EXTRACTED MATERIAL —
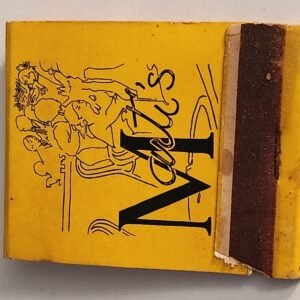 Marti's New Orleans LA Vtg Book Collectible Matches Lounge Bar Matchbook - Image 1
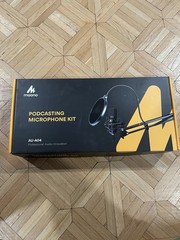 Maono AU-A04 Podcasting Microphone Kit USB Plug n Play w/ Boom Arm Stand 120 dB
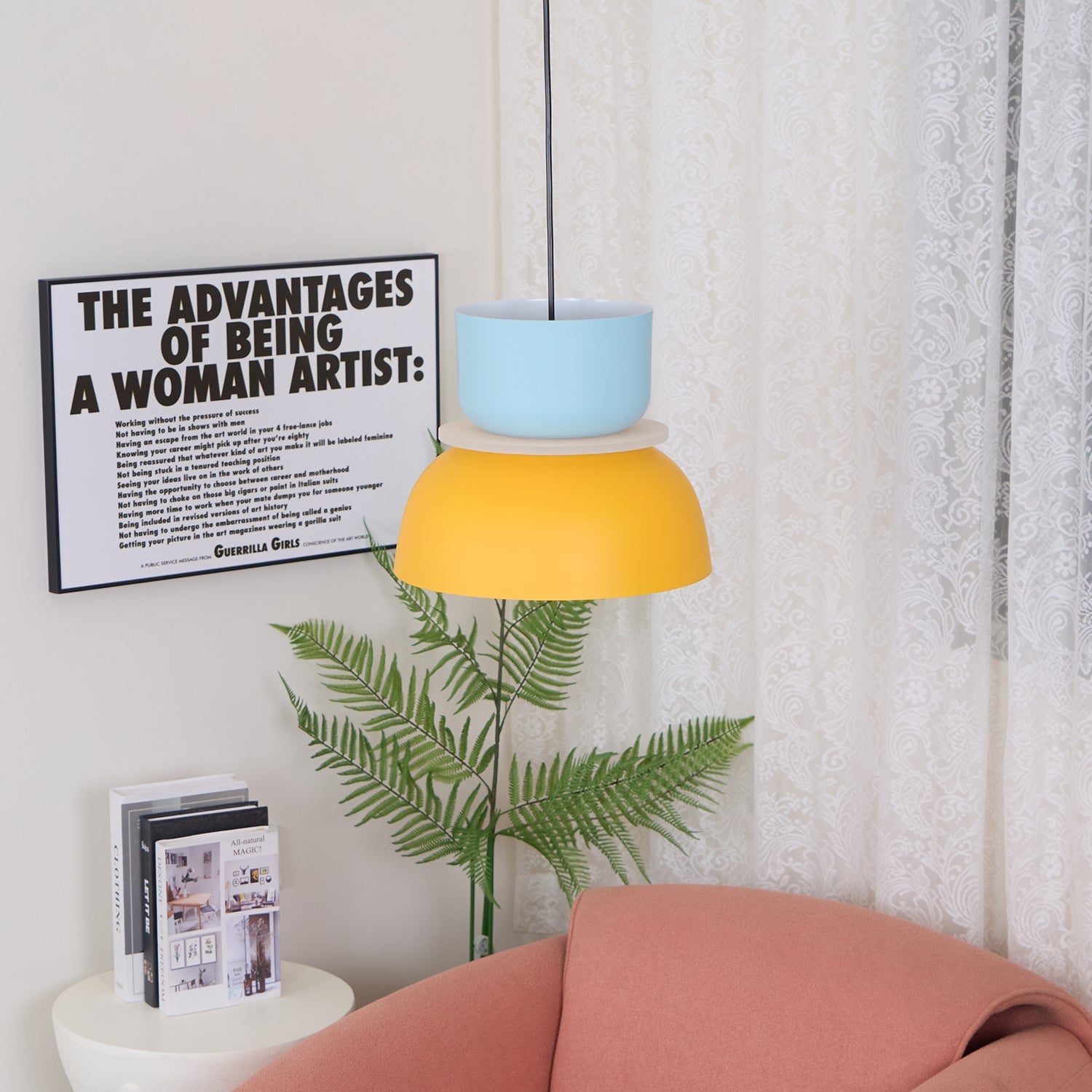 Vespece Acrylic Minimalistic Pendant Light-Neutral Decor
---
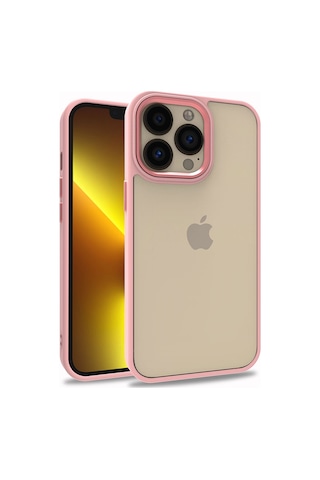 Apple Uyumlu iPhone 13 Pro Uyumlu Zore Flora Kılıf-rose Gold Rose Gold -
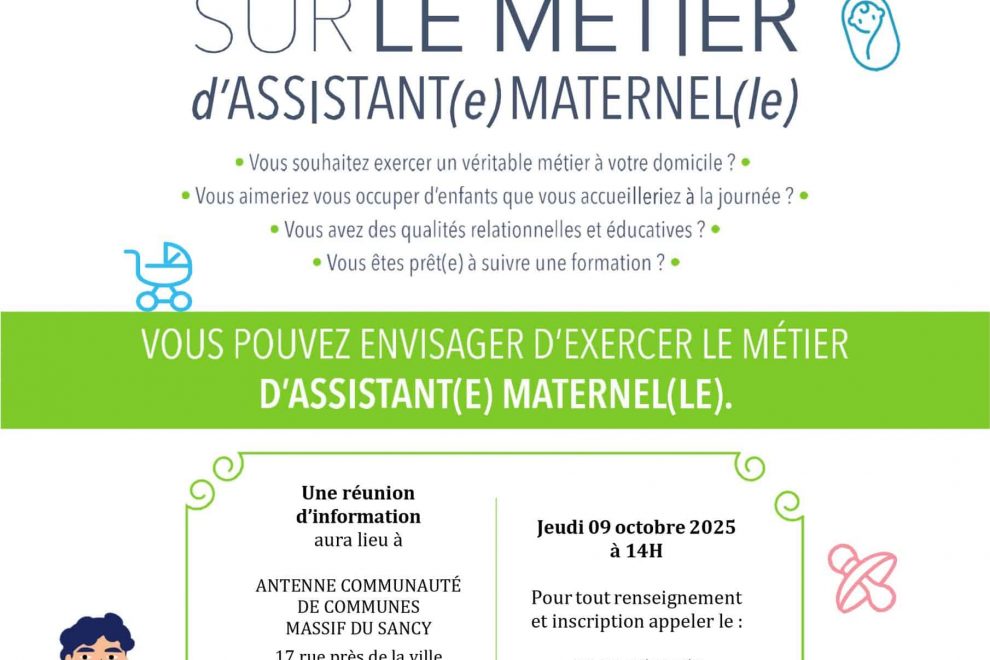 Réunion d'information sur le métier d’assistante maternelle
* * *
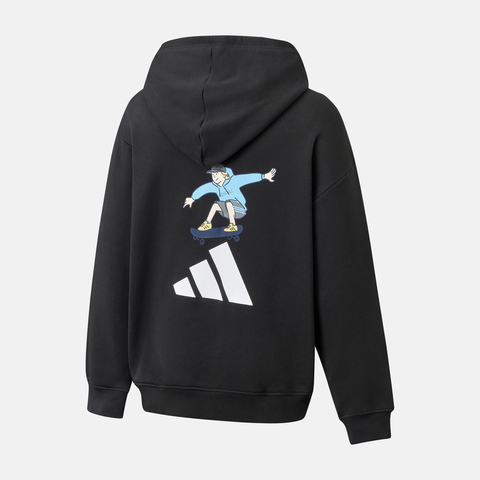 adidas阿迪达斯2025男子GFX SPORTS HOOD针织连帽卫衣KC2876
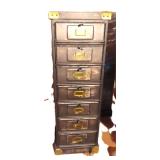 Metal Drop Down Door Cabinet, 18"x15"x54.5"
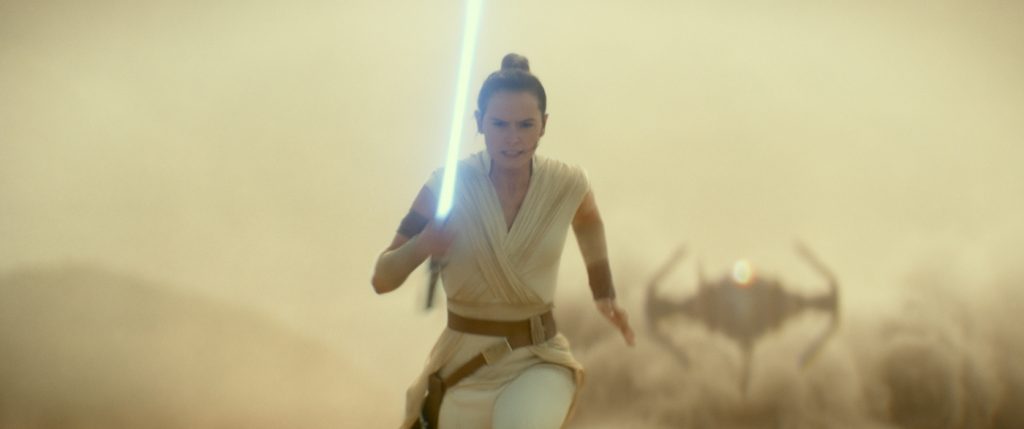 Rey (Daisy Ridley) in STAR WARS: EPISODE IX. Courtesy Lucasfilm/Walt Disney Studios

EXERCISE BRIEF —
What is needed is an exact copy of the lines above from the one with "Marti's New Orleans" to the one with "Vespece Acrylic Minimalistic", both ends kept, and nothing more; please leave the pictures out.

TASK RESULT —
 Marti's New Orleans LA Vtg Book Collectible Matches Lounge Bar Matchbook - Image 1
 Maono AU-A04 Podcasting Microphone Kit USB Plug n Play w/ Boom Arm Stand 120 dB
 Vespece Acrylic Minimalistic Pendant Light-Neutral Decor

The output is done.